Written BY J. Bonasia
Investors are skittish about software makers after the drubbing that the field took in 2001. But some analysts say it might be smart to keep an eye on business intelligence.
BI and its close cousin, analytics software, aim to boost a company's sales and cut costs. Companies need that in this economic downturn.
U.S. Bancorp Piper Jaffray analyst Jon Ekoniak says he expects BI to beat most software sectors in 2002.
"The whole analytics space is just starting to get its surface scratched," Ekoniak said. "This will become one of the most strategic and fastest-growing segments."
BI systems work with analytics programs, which crunch sales data. Analytics zero in on sales by product type or region, so companies know where they're strong and where they lag. Managers track desktop scorecards to spot strengths and weaknesses.
The software also helps a company streamline its supply purchasing.
Sales of BI and analytics software are expected to rise to $15.2 billion in 2005 from $5.96 billion in 2000, says International Data Corp.
No Clear Leader
And it's a fairly wide open market, says IDC analyst Dan Vesset. "No one vendor has more than 7.5% of the combined market," he said.
The time is right for BI and analytics software, says Ekoniak. That's because firms spent millions of dollars in the past decade for software to automate their sales and operations. Now they need analytics to sift through all those data.

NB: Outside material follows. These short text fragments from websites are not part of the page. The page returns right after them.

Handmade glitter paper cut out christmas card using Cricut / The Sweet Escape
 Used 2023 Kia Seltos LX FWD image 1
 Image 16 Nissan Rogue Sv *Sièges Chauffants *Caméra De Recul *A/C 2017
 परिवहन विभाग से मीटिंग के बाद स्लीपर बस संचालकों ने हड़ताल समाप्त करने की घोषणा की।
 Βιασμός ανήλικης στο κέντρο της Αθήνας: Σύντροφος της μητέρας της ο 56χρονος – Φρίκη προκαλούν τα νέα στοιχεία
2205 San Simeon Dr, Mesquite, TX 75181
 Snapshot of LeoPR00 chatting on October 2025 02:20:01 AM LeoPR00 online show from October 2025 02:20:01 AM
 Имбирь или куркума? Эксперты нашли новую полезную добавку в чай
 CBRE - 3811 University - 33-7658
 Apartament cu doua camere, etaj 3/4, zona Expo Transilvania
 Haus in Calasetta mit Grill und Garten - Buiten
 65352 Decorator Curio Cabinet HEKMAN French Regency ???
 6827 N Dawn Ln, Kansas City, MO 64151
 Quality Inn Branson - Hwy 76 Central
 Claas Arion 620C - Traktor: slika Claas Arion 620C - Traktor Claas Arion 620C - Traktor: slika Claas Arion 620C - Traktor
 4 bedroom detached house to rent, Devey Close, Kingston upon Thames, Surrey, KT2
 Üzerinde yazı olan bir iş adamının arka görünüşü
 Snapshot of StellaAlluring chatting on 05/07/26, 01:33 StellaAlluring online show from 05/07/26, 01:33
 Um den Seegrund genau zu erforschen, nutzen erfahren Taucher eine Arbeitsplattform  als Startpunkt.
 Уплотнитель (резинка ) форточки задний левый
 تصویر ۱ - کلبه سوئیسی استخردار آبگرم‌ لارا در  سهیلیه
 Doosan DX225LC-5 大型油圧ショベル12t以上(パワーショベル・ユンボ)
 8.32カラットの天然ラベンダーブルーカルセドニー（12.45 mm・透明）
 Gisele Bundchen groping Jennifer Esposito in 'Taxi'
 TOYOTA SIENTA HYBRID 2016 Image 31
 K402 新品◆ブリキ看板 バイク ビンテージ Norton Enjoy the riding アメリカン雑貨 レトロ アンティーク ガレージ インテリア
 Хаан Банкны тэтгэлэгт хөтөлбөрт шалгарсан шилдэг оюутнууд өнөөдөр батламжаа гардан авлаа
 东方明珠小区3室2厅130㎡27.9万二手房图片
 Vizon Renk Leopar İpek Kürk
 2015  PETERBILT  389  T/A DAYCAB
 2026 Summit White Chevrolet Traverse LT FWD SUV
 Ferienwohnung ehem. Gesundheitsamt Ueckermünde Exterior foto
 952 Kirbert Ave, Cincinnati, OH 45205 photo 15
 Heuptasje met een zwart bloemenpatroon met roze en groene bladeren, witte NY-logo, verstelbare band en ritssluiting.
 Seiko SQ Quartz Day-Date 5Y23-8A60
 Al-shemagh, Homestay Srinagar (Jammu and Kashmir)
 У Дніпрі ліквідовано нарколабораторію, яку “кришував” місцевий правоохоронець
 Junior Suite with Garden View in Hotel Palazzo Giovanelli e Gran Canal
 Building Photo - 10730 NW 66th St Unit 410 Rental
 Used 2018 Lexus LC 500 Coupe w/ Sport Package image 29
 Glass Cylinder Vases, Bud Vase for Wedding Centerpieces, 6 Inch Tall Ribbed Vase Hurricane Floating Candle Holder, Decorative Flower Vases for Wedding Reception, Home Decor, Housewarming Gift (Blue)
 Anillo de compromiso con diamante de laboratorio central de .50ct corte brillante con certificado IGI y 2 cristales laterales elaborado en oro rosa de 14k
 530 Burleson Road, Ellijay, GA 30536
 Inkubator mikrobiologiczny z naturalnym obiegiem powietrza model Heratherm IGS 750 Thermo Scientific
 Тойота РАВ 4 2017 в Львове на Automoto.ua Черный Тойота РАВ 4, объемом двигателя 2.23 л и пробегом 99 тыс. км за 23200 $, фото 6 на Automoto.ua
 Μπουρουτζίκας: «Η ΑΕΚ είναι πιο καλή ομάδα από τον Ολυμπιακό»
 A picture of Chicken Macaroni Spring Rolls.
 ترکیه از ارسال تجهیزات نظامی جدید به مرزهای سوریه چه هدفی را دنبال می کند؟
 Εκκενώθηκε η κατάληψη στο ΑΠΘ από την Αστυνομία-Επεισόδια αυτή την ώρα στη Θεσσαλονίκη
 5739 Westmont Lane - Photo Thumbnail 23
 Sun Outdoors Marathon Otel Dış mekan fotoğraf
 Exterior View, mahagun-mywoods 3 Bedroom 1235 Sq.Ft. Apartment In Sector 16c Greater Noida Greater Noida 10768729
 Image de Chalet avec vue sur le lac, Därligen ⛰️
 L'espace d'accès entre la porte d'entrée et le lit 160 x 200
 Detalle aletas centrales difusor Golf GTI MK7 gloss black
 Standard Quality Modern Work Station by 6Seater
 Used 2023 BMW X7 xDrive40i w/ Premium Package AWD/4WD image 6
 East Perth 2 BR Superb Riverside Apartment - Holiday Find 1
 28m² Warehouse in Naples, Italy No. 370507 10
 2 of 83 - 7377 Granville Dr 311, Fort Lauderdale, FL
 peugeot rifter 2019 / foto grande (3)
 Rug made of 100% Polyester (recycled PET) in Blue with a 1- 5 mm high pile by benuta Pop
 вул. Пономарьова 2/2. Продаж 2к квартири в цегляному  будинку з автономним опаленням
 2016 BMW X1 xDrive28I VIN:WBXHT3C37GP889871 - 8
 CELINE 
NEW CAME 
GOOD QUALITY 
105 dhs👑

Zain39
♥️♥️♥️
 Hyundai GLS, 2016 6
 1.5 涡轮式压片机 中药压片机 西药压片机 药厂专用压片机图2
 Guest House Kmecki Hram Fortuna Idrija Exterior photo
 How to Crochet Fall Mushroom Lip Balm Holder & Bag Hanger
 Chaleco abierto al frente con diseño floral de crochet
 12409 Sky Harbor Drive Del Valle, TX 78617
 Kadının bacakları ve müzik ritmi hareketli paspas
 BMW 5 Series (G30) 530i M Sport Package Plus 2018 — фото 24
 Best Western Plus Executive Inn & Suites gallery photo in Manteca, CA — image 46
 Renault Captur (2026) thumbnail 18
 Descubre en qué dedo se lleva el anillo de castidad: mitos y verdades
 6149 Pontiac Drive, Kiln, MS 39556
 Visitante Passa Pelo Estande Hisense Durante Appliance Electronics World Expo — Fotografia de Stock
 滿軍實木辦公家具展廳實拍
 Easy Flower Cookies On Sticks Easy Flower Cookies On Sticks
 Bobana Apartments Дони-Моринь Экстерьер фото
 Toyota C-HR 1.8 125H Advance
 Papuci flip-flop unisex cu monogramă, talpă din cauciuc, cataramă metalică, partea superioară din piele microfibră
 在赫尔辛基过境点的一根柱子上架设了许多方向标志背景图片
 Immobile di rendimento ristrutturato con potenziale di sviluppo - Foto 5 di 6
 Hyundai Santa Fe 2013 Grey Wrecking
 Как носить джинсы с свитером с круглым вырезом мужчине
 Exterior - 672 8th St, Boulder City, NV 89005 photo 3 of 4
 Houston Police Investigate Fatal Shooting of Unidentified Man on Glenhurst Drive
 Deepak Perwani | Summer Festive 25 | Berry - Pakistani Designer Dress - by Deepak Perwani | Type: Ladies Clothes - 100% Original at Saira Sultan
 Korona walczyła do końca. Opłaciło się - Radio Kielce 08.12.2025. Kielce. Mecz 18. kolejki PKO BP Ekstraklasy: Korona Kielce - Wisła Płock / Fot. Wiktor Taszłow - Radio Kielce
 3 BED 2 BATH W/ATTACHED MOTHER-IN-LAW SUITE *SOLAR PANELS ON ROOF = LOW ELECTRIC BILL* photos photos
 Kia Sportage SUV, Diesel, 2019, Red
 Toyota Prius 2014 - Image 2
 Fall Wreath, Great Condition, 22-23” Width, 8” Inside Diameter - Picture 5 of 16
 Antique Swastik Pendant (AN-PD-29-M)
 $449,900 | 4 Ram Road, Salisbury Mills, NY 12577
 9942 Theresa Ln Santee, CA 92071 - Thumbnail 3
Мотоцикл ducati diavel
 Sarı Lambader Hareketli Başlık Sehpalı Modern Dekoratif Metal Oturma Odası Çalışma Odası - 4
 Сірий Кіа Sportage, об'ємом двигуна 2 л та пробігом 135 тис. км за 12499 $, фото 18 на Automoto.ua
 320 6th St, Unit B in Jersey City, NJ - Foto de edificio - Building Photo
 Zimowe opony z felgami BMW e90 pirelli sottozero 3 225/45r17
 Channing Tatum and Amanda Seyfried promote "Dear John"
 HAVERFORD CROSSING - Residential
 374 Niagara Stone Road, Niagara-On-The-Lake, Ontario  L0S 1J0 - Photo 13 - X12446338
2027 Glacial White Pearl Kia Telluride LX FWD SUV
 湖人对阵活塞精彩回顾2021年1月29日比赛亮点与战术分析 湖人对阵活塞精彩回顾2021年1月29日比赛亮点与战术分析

"These companies have become data-rich but knowledge-poor due to information overload," he said. "This software helps them leverage their existing investments."
In the past, tech analysts ran reports and then delivered them to business managers. BI lets managers tap the data themselves.
Bernard Liautaud, chief executive of Business Objects SA (BOBJ), a BI leader, likes the way his market shapes up.
"In the next 10 years there will be a shift, because companies need to become more intelligent," he said. "It's about understanding the value of customer data as it comes across all these different systems."
Investor's Business Daily gives Business Objects' stock an overall rating of A+, but the company faces challenges. Large business software makers Siebel Systems Inc. (SEBL), PeopleSoft Inc. (PSFT) and SAP AG (SAP) are getting into BI and analytics, which some companies and analysts consider one and the same software. In October, Siebel said it will buy analytics firm nQuire Software Inc. PeopleSoft and SAP are adding analytics.
Research firm Gartner Inc. expects the BI market to thin this year.
But Goldman Sachs Group analyst Tom Berquist says there's enough demand to support the large companies and smaller pure-play BI vendors like Business Objects and Informatica Corp. (INFA)
"Pure-play vendors should tend to win in sectors where there are large amounts of data and many disparate data sources," Berquist wrote in a report last month.
Berquist is bullish on BI. "We expect these more positive trends to continue in 2002, making (this) somewhat of a contrarian sector," he wrote. He expects most software sectors to be down this year.
BI software already is critical to some data-intensive industries, such as telecom and the airlines, says Mike Shroeck of PricewaterhouseCoopers Consulting.
"This market continues to run hot and it should get even better as the economy improves," he said.
Shroeck recalls a long-distance phone carrier client that started using BI software to help it keep its customers from switching to other carriers. He wouldn't name the firm, but said it had been losing 70% of its subscribers to so-called churn. In its first year using BI, it cut that rate to less than 50%.
The budding BI sector spans several areas. Informatica and Ascential Software Inc. (ASCL) are known for ETL software. That is, it extracts, transforms and loads data.
Stocks Rising
Hyperion Solutions Corp. (HYSL) and Microstrategy Inc. (MSTR) draw from an OLAP background, short for online analytical processing. OLAP software sorts through data for trends.
Business Objects and Cognos Inc. (COGN) make query and reporting systems that deliver the analysis to business users. They also offer OLAP.
Rivals are starting to overlap. Hyperion on Tuesday said it will embed query and reporting software from Crystal Decisions Inc. into its own OLAP products.
Privately held SAS Institute Inc. of Cary, N.C., is another major BI firm. It's known for its data mining features, which also help companies get the most out of their vast amounts of data.
Many BI stocks remain buoyant. IBD's enterprise software group ranks No. 13 out of 197 industries, based on its stock's price performance over the last six months.
Business Objects has made a profit each year since 1993. Cognos reported third-quarter earnings of 15 cents a share, almost double its second-quarter earnings. Its stock is up from 12 in September to about 25.
Hyperion Chief Executive Jeff Rodeck says his firm's five business units have been trimmed to two since September. Shares have risen above 20 from 12.50 in October.
Rodeck says the weak economy has changed companies. "Every department head is now tasked with profitability," he said. "That creates a need for distributed analytics all through the company."